Sunglasses for Fishing
There are a number of different things to consider when picking a new pair of sunglasses for fishing. Sunglasses are critical for reducing glare and protecting your eyes while on or near the water, and while they can range from twenty dollars to more than a few hundred dollars, there are several important features to consider for any pair you chose.
An interesting note about polarized glasses is they are not always the right glasses to wear outside of fishing. If you’ve ever looked at the LCD screens on gas pumps with polarized glasses, you’ll notice you can’t read the numbers as well. This same polarizing effect can create problems for pilots and downhill skiers because reducing the glare can also make it difficult to see the contrast between light and dark. Another odd effect can occur when wearing polarized glasses while driving a car with tinted windows. The sunglasses work against the polarizing in the window tint to create a kind of oil slick look.
The Role of Color in Fishing Sunglasses
Sunglasses come mirrored, slightly mirrored, and without mirroring. The glasses we wear for fishing have mirroring or slight mirroring. The heavily mirrored glasses are also colored. The color of the mirror is not really critical to their function, although most manufacturers are now leaning toward green for inshore glasses and blue for offshore. They even have a new silver mirroring, though regardless of color, the mirroring simply provides another means of filtering glare and the sun’s reflection.
More important than the exterior is the interior color of the glasses.
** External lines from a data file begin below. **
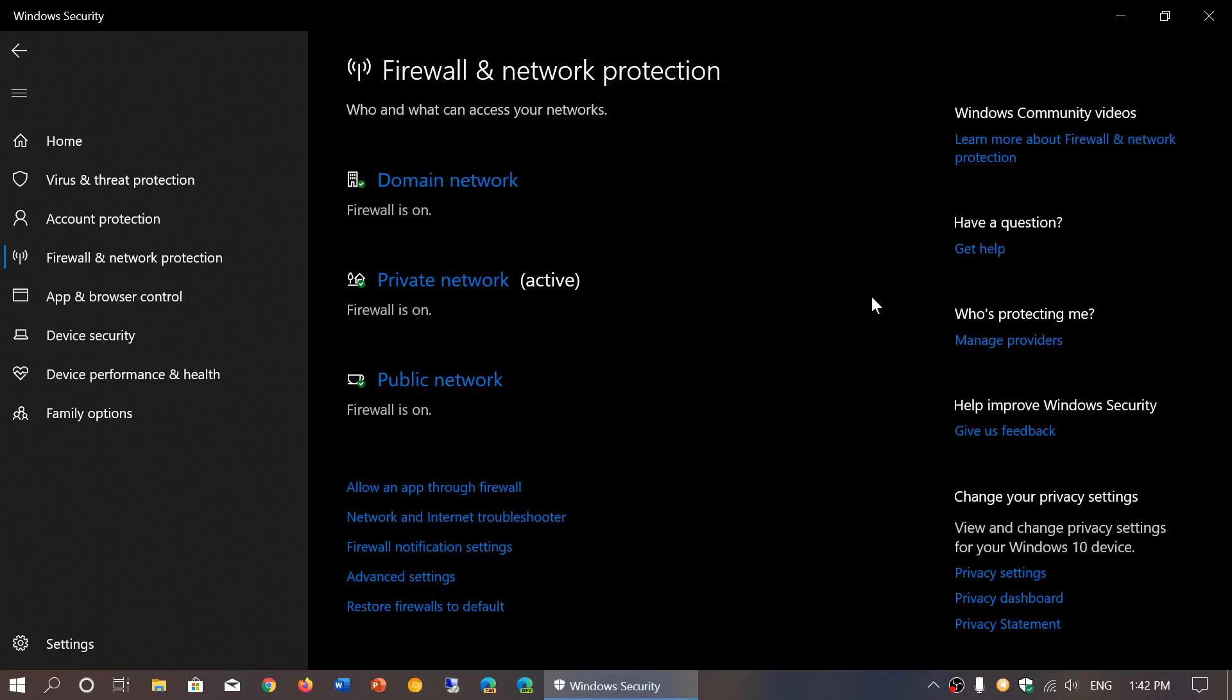Welcome to the Windows and Computer Channel. As we continue to look at the different tabs or options within the Windows Security app, we are looking at the tab that covers firewall and network protection.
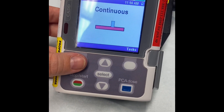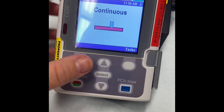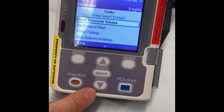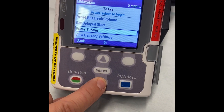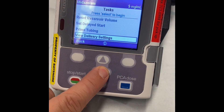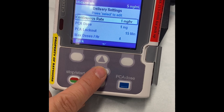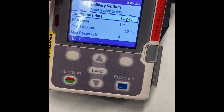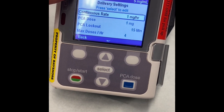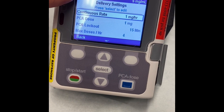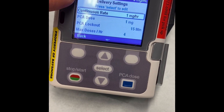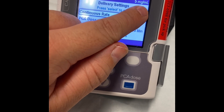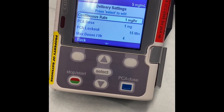Press any soft key to get back to the screen. We're going to go to select tasks, then down to view delivery settings. We can see here the PCA pump is set to PCA. The medication is midazolam and the concentration is 5 milligrams per milliliter.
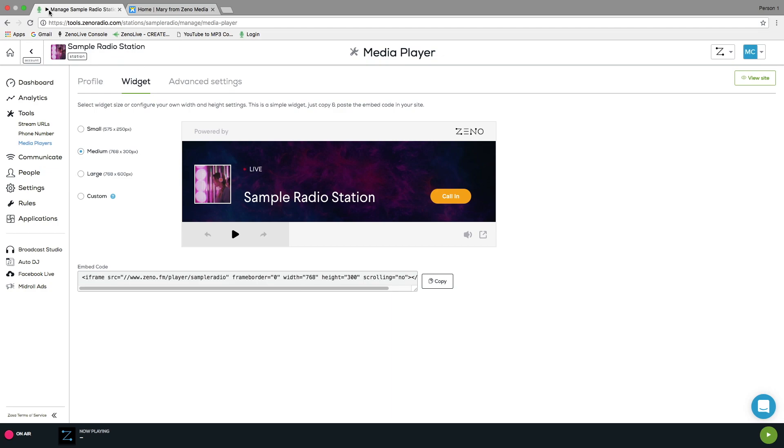As always, if you have any questions, please reach out to us by clicking on the blue chat button in the corner, and a member of our support team will be more than happy to help. Happy Broadcasting!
The interior of the sunglasses you choose for inshore fishing should have different color than those you choose for offshore fishing.
Interior Colors for Inshore Fishing Sunglasses
The interior of glasses for inshore fishing should be copper or what manufacturers call rose. There is a middle color between copper and rose called vermillion, but just remember copper or reddish are good for inshore. As mentioned previously, many manufacturers are mirroring the exteriors of glasses in green, amber, or other colors for inshore, but if you are fishing inshore–in 12 feet or less of water–glasses with one of the aforementioned interior colors will improve the contrast in the water column, as well as your chances of seeing fish and structure.
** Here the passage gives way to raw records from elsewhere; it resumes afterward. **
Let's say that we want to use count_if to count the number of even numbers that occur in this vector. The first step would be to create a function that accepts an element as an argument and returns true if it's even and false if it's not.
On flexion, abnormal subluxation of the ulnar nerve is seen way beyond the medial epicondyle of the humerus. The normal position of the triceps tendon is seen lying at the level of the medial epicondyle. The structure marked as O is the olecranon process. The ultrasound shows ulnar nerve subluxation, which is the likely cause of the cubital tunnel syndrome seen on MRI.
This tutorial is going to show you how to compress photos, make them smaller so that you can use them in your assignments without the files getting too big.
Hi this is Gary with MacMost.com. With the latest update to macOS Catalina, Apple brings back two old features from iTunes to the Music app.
Interior Colors for Offshore Fishing Sunglasses
Mostly mirrored blue on their exteriors, offshore fishing sunglasses have gray or smoke interiors. The color of the exteriors is so strong in both cases that some manufacturers are now making them neutral on their exteriors and excluding strong mirrors. Glare is always an issue, though, and offshore the glare can be murderous.
Picking the Perfect Fishing Glasses: Product Lines or Real Science?
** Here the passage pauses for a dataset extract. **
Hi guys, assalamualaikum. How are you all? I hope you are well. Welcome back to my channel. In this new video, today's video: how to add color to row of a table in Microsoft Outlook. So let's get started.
There has been a lot of science involved in developing functional product lines for color and contrast sensitivity, and those of us who fish inshore and offshore on a regular basis can definitely see a difference. In shallow water, copper interiors work well, and in deep water, where detailed shapes are not as important as glimpses of moving darkness or flashes of silver, gray interiors seem to work better. While we have both, if we had to choose one over the other, we would use copper interiors for both inshore and offshore. They do make a yellow-based interior lens, but it is intended only for use in low light conditions.One other note about the exterior colors and heavy mirrors: they are not very fashionable. If you are wearing the wrong color shirt with the wrong color glasses, you can stick out on a boat like a sore thumb. So if color matters, go with the non-mirrored (or slightly mirrored) neutral exteriors. You won’t catch any more fish but you might catch more eyes.